O secretário de Polícia Civil, Ricardo Albuquerque, destacou que foi instaurado um inquérito policial da DPMA para apurar a prática do crime de poluição hídrica.

"A delegacia está requerendo a interdição das atividades produtivas da empresa. Já existe uma interdição de natureza administrativa, mas está sendo buscada a interdição pelo juízo criminal. Já distribuímos intimações para serem ouvidos os sócios e diretores da empresa para que a polícia arrecade o maior número de provas a fim de encaminhar ao Ministério Público e, posteriormente, buscarmos a responsabilização dos autores por esse crime", explicou Albuquerque.

Antes do início das investigações pelo despejo irregular de substâncias, a Prefeitura de Queimados já havia embargado administrativamente a empresa por conta do descumprimento de licença ambiental municipal.

Empresa nega contaminação

Procurada, a Burn negou que haja relação entre a sua fábrica e a presença de material químico na bacia do Rio Guandu. Confira a nota na íntegra.

A Burn esclarece que não há nenhuma relação entre a sua fábrica de Queimados, na Baixada Fluminense, e a presença de material químico na bacia do Rio Guandu. A unidade opera com tecnologia de ponta e de padrão internacional, seguindo os mais rigorosos procedimentos de controle, onde o manuseio da matéria-prima é automatizado e em ambiente de circuito fechado, ou seja, sem qualquer escoamento ou ligação com a rede pluvial.

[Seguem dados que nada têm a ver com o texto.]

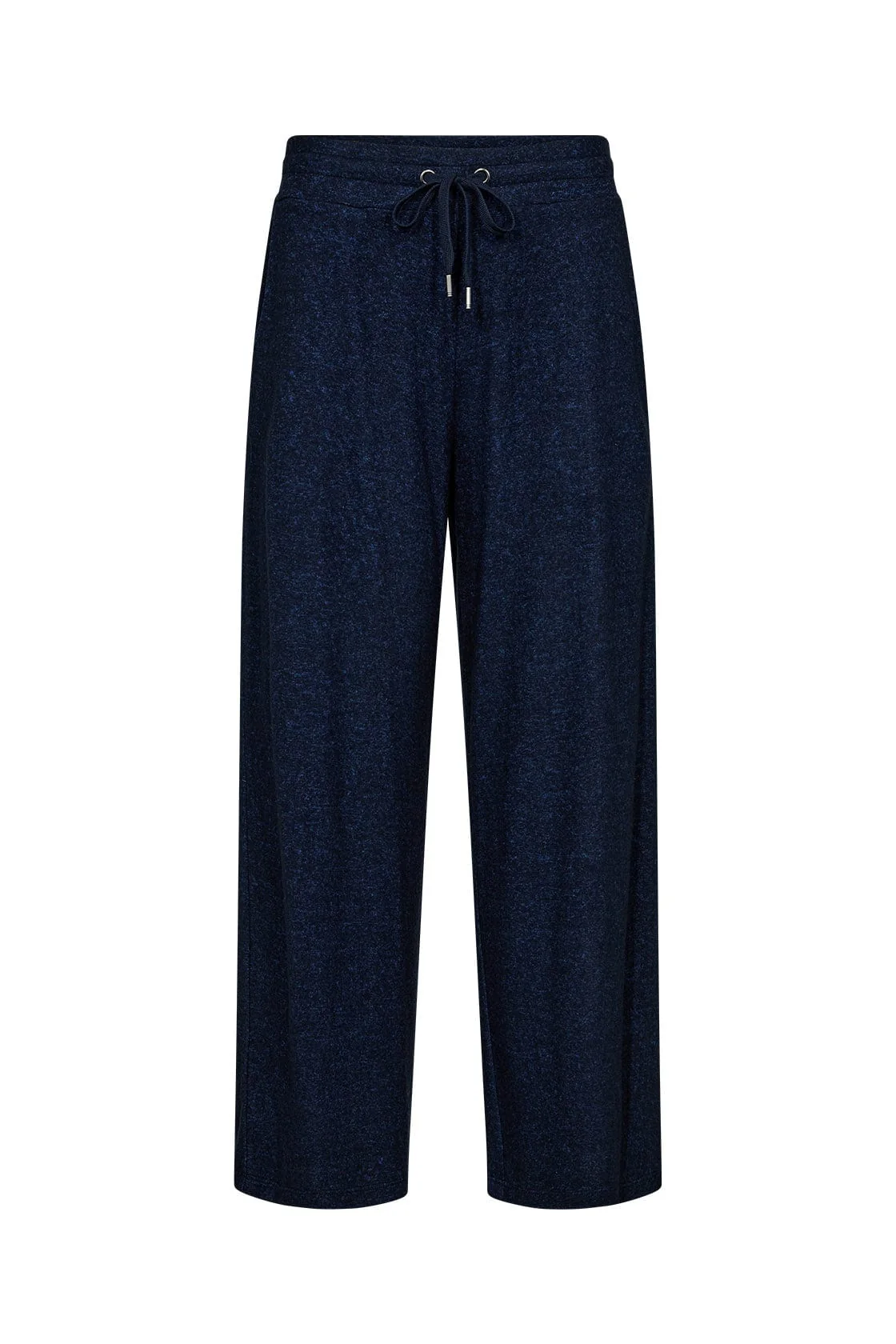 Biara Supersoft Trousers - Navy Melange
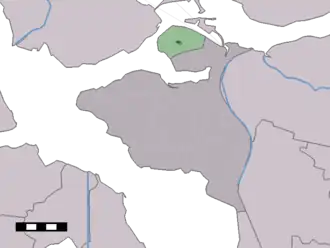 Kaart van Anna Jacobapolder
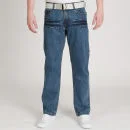 Galvanise Men's Tudor Belted Jean - Stone Wash - 30R - Stone Wash Image 1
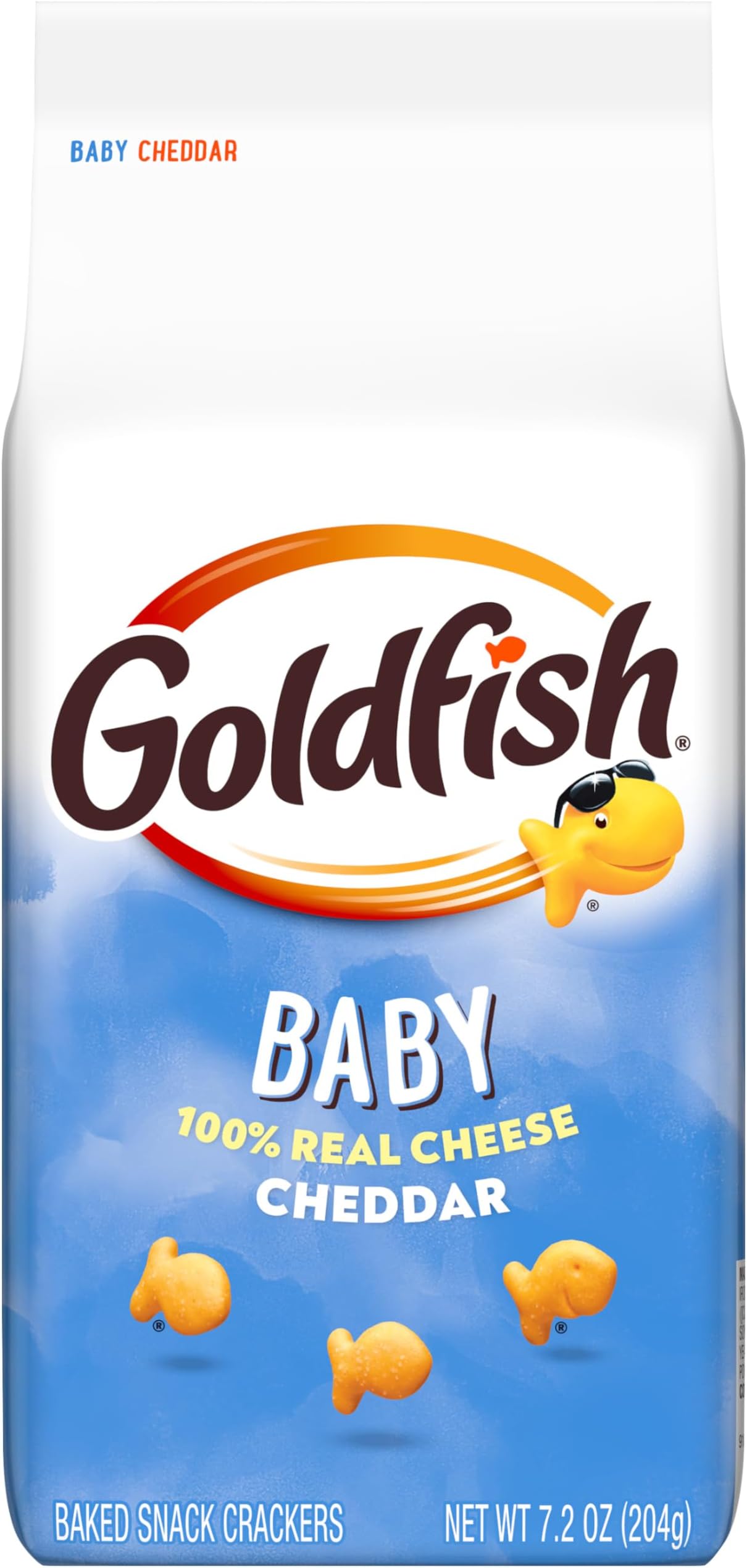 Goldfish Baby Cheddar Cheese Crackers, 7.2 Oz Bag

Além disso, tem todas as licenças necessárias e destinação ambientalmente correta de seus resíduos, estando sob monitoramento e controle permanentes dos órgãos ambientais competentes. Cabe ressaltar que a fábrica está a 11 quilômetros de distância do sistema do Guandu seguindo o fluxo do rio, e adota uma série de iniciativas sustentáveis, como sistema de reuso de água da chuva, iluminação por fontes renováveis e selo EU Reciclo. A empresa também contratou laboratório especializado para coleta e análise da água e está colaborando com as investigações, à disposição das autoridades.

MPRJ cobra explicações

Na segunda-feira, o Ministério Público do Estado do Rio de Janeiro (MPRJ) oficiou os órgãos e entidades responsáveis pela preservação e monitoramento do manancial em que está localizado o sistema Guandu, responsável pelo abastecimento de água potável, para dar explicações sobre o assunto. O prazo para o documento ser respondido foi de 24h devido a urgência sobre o tema.

A ação, segundo o MPRJ, visa verificar as medidas concretas a serem adotadas para corrigir problemas identificados no sistema de abastecimento de água que atende grande parte da região metropolitana do Rio de Janeiro e evitar sua recorrência.

Segundo a Polícia Civil, a DPMA já respondeu ao Ministério Público com a cópia do Inquérito Policial. A Cedae também alegou ter respondido ao ofício dentro do prazo estipulado.

Nesta quarta (30), a Agenersa, o Inea e Comitê das Bacias Hidrográficas do Guandu foram procurados, mas não responderam até a publicação desta matéria.